Data excerpts:
* * * * * * * * *

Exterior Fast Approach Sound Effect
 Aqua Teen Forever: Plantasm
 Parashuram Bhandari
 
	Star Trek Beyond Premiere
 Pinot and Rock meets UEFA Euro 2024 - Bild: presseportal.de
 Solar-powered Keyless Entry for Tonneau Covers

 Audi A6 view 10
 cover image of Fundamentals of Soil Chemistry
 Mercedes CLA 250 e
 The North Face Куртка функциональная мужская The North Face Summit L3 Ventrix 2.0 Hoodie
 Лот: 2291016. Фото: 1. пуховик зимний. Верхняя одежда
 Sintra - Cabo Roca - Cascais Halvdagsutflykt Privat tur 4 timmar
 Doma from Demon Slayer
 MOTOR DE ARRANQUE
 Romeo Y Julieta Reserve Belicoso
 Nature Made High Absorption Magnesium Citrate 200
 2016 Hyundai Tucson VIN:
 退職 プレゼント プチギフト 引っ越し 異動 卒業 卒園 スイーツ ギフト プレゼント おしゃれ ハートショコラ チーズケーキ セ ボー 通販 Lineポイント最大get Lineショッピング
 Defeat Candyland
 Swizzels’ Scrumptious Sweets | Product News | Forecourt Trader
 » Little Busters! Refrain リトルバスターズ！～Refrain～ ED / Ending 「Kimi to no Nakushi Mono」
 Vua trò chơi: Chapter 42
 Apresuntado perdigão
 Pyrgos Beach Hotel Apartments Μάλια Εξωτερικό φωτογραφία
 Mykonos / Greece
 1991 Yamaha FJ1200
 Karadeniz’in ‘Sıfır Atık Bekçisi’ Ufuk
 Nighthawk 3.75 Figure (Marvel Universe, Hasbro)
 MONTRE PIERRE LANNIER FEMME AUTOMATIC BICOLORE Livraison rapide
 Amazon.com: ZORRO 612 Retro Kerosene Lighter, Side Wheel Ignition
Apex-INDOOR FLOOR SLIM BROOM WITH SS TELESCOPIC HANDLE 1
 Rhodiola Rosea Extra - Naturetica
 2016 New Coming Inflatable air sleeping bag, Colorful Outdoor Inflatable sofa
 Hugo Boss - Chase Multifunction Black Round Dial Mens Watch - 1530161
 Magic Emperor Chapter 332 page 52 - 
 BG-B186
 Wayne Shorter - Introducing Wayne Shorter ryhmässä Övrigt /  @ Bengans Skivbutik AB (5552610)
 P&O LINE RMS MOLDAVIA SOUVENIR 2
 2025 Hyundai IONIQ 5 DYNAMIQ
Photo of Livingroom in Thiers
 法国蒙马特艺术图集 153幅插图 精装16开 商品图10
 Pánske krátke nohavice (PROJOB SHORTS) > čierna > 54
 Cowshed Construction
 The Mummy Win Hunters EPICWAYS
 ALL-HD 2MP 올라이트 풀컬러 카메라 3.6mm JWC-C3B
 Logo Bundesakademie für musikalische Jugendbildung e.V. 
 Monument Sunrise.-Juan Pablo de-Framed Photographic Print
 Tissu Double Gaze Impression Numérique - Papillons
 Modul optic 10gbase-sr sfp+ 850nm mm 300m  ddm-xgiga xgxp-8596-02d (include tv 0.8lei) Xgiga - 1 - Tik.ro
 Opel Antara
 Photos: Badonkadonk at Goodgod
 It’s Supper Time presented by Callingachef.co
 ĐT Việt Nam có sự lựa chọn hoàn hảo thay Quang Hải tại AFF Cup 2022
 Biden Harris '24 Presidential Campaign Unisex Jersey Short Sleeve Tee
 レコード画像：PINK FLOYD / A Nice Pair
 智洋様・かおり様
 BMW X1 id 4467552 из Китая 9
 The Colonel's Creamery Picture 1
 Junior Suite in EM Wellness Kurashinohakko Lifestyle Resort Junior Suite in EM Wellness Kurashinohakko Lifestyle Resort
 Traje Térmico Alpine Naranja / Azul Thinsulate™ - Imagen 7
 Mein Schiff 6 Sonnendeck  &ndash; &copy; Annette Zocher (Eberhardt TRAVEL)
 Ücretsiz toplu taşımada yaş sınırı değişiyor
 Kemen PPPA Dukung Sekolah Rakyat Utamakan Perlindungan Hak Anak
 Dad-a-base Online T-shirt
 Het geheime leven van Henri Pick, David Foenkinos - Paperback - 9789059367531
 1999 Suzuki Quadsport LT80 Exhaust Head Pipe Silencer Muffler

* * * * * * * * *

TASK STATEMENT – Print the first line of the records above and each line after it, exactly, through the line with "cover image of".

ANSWER BELOW –
Exterior Fast Approach Sound Effect
 Aqua Teen Forever: Plantasm
 Parashuram Bhandari
 
	Star Trek Beyond Premiere
 Pinot and Rock meets UEFA Euro 2024 - Bild: presseportal.de
 Solar-powered Keyless Entry for Tonneau Covers

 Audi A6 view 10
 cover image of Fundamentals of Soil Chemistry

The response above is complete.